I have done an experiment to assess the effect of interferon on anemia during pathogen infection. To this end I have infected a tank of mutant zebrafish that do not respond to interferon and a tank of wild-type zebrafish with the pathogen. Every 2 days, I take 3 fish from each tank and measure their red blood count. I want to see if the mutant fish respond differently as the wild-type fish.

Note that it is important that I do not use the same fish for all the measurements. If this was the case the data would be dependent and linear regression would not be the appropriate technique to analyze the data. In that case, you would have to use a mixed or a multilevel model.

Download the data set of this exercise.


GPLRSlope6.png

The resulting figure shows that there is a more or less linear decrease in RBC. This means that we can model how the RBC changes over time using linear regression. Linear regression fits a straight line through your data and calculates the slope and intercept of that line. Before analyzing your data with linear regression, you always have to check whether it might make sense to fit your data with linear regression. If you do not see linear behaviour in your data you should use non-linear regression which is also handled by Prism.
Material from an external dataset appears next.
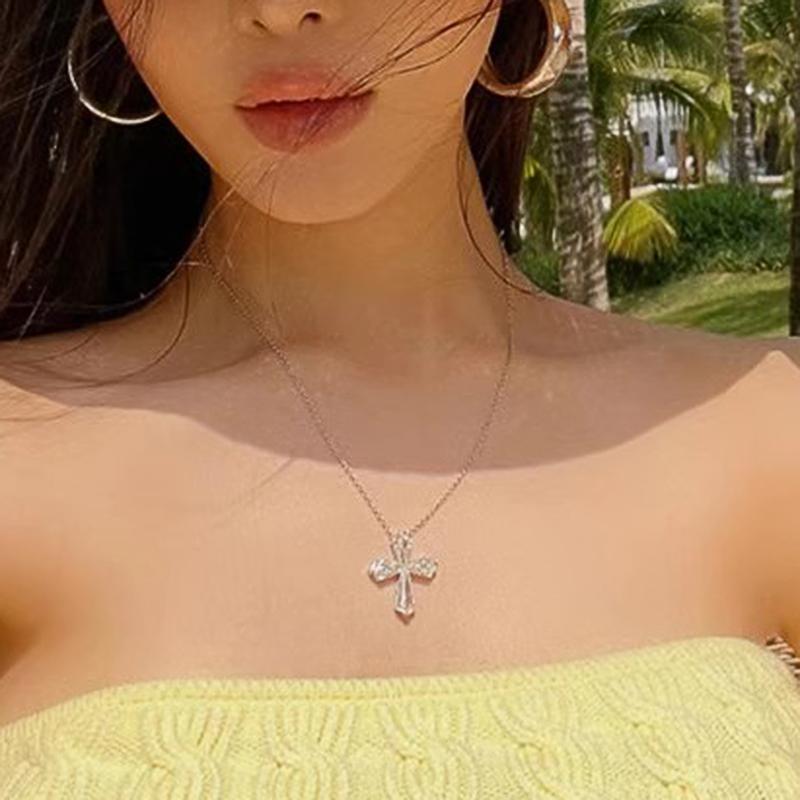Crystal Cross Necklace Women Luxury Trendy Female Wedding Party Neck Accessories Gift Statement Jewelry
Linear regression makes the following assumptions:

  • The relationship between X and Y can be graphed as a straight line
  • The scatter of points around the regression line is following a normal distribution. Since we have only 3 replicates we cannot confirm that this is the case. However, when you think about the experiment it seems likely that the RBCs on each time point are normally distributed, especially for the later time points where you don't have an upper threshold of 100%.
  • The scatter of points is the same for each time point. The assumption is violated if the points with high or low X values tend to be further from the regression line. If the scatter goes up as Y goes up, you need to perform a weighted regression. Prism can't do this via the linear regression analysis. Instead, use nonlinear regression but choose to fit to a straight-line model. Again, we have not sufficient data to prove that this assumption is true but apart from time point 0 where scatter is 0, there's no reason to assume that the scatter is drastically different for different time points.
  • The X values are exactly correct, and the experimental error or biological variability only affects the Y values. This is rarely the case, but it is sufficient to assume that any imprecision in measuring X is very small compared to the variability in Y.
  • The data points are independent meaning that the fact whether one point is above or below the line is a matter of chance, and does not influence whether another point is above or below the line.
  • The X and Y values are not intertwined. If the value of X is used to calculate Y (or the value of Y is used to calculate X) then linear regression calculations are invalid.

GraphPad allows to test if the drop in RBC is different in mutant and wild type by comparing the slopes of the regression lines.